*Your task*. In the entries below, find the line with "Mohammad Rasool Ramezani" and the line with "São Paulo Imagem"; reproduce those two lines and all lines between them exactly, without pictures.

*Provided records*.
******
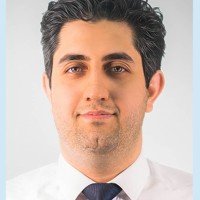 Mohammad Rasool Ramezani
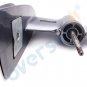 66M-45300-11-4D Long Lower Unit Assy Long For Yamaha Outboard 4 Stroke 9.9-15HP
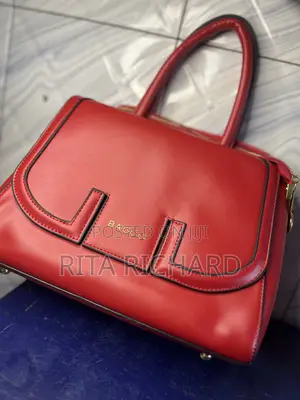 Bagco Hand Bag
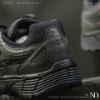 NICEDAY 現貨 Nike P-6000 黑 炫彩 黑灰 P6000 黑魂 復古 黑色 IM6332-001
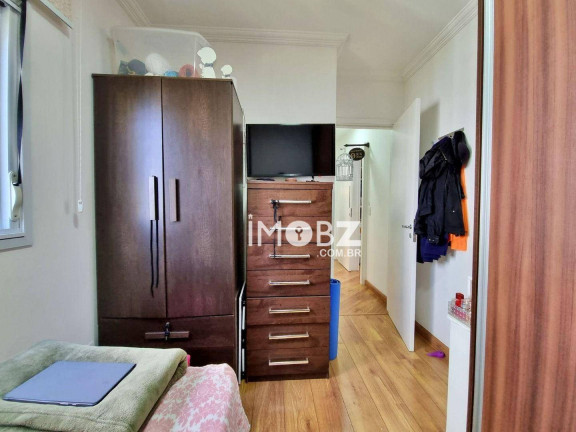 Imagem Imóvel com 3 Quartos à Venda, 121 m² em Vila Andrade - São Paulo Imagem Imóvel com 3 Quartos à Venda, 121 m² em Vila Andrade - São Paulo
******
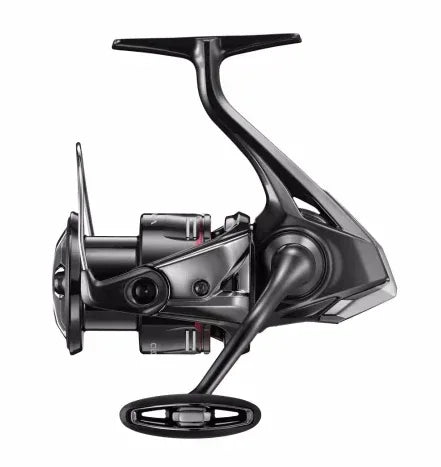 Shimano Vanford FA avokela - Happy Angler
******
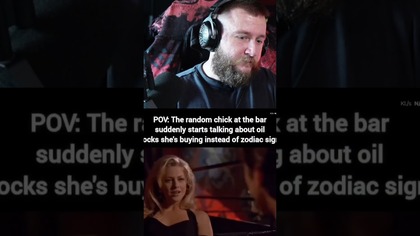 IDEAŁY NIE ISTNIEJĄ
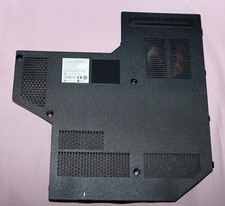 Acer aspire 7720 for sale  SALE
******
*Written response*.
 Mohammad Rasool Ramezani
 66M-45300-11-4D Long Lower Unit Assy Long For Yamaha Outboard 4 Stroke 9.9-15HP
 Bagco Hand Bag
 NICEDAY 現貨 Nike P-6000 黑 炫彩 黑灰 P6000 黑魂 復古 黑色 IM6332-001
 Imagem Imóvel com 3 Quartos à Venda, 121 m² em Vila Andrade - São Paulo Imagem Imóvel com 3 Quartos à Venda, 121 m² em Vila Andrade - São Paulo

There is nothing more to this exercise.